Saved from a great white shark by dolphins story is sold for movie
A lifeguard who credited a pod of dolphins with saving four swimmers from a circling great white shark has sold the film rights to the story. Canadian producer Alexis Nihon has secured film rights from lifeguard Rob Howes to take the story to the big screen. Mr Howes has signed over audio-visual and merchandising rights for a percentage of the movie's profit.
The movie will be based on the encounter of four lifeguards being saved by about seven dolphins from a 3m great white shark at Northland's Ocean Beach last October. The story created international interest after Whangarei Heads Surf Lifesaving member Mr Howes and three teenagers, his daughter Nicky, Karina Cooper and Helen Slade, who was having her first day on the job, were 100m out to sea on a training swim when seven dolphins herded them together, apparently protecting them from the shark.

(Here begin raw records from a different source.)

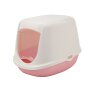 NOBBY Katzentoilette "DUCHESSE", sweet pink-weiß, 44,5 x 35,5 x 32 cm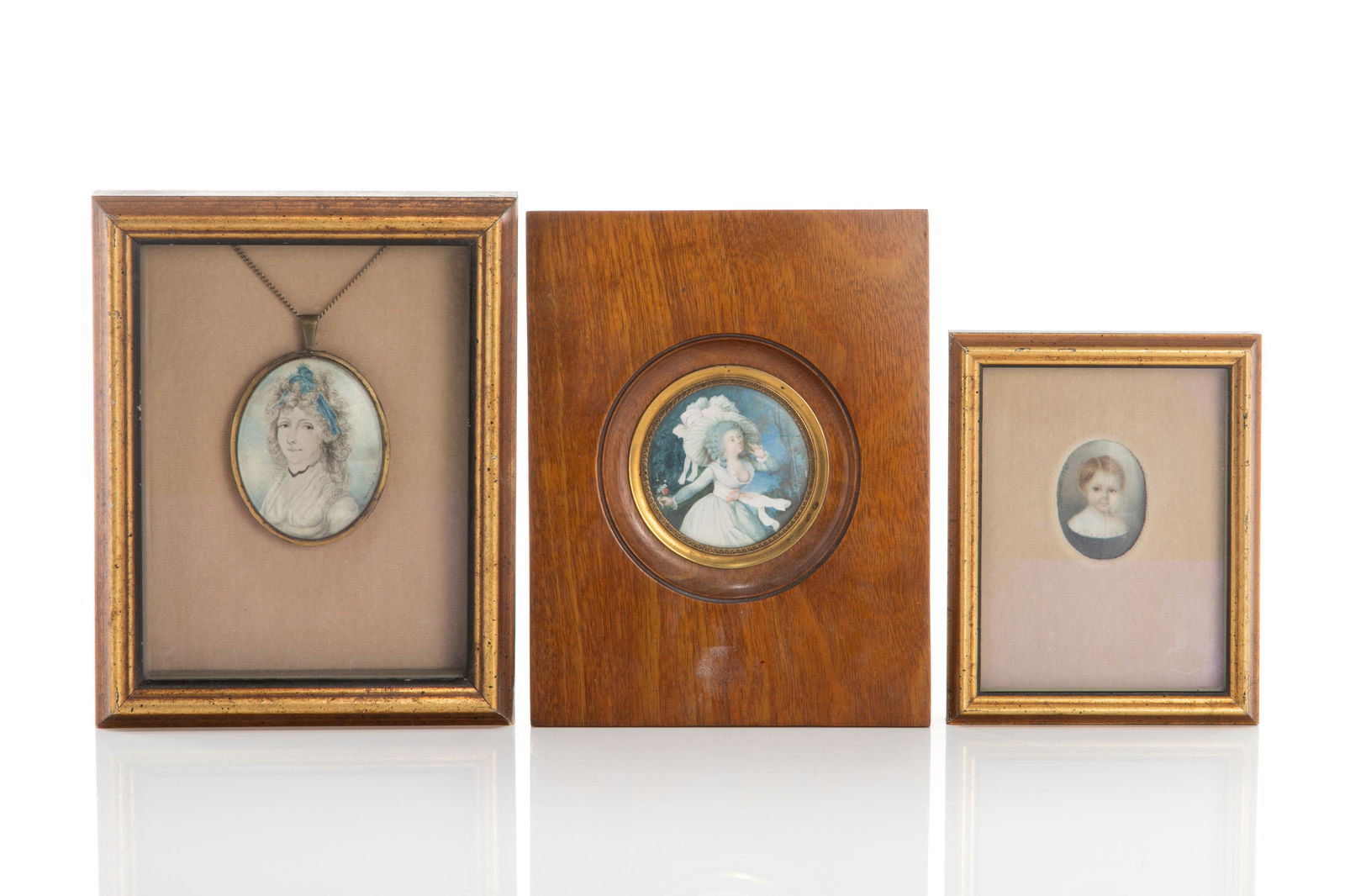 THREE PORTRAIT MINIATURES (1 of 5)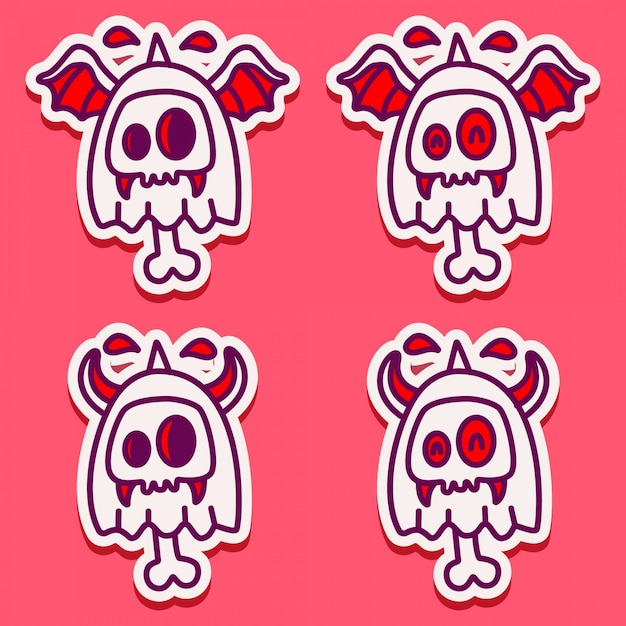 cute doodle monster design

Mr Howes has never had doubts that it was a great white. "It glided around in an arc and headed for the other two girls. My heart went into my mouth because one of them was my daughter. The dolphins were going ballistic," he told the Herald at the time. Mr Howes said Mr Nihon, a member of a Canadian investment trust, had to buy the rights from him because the producer wanted to base the film around his experience.
Mr Howes has begun writing a story about his experience. "He [Mr Nihon] already had screenwriters putting together bits and pieces from the media. He thought it would be great to have the real inside story." Mr Howes hoped the movie would be shot at Ocean Beach, but production costs could mean it would be filmed in Florida or the Bahamas, where there is easy access to trained dolphins.
If the movie is made offshore then Mr Howes hoped some of the background scenery could be shot at Ocean Beach. He said Natural History New Zealand was also planning a documentary about the incident.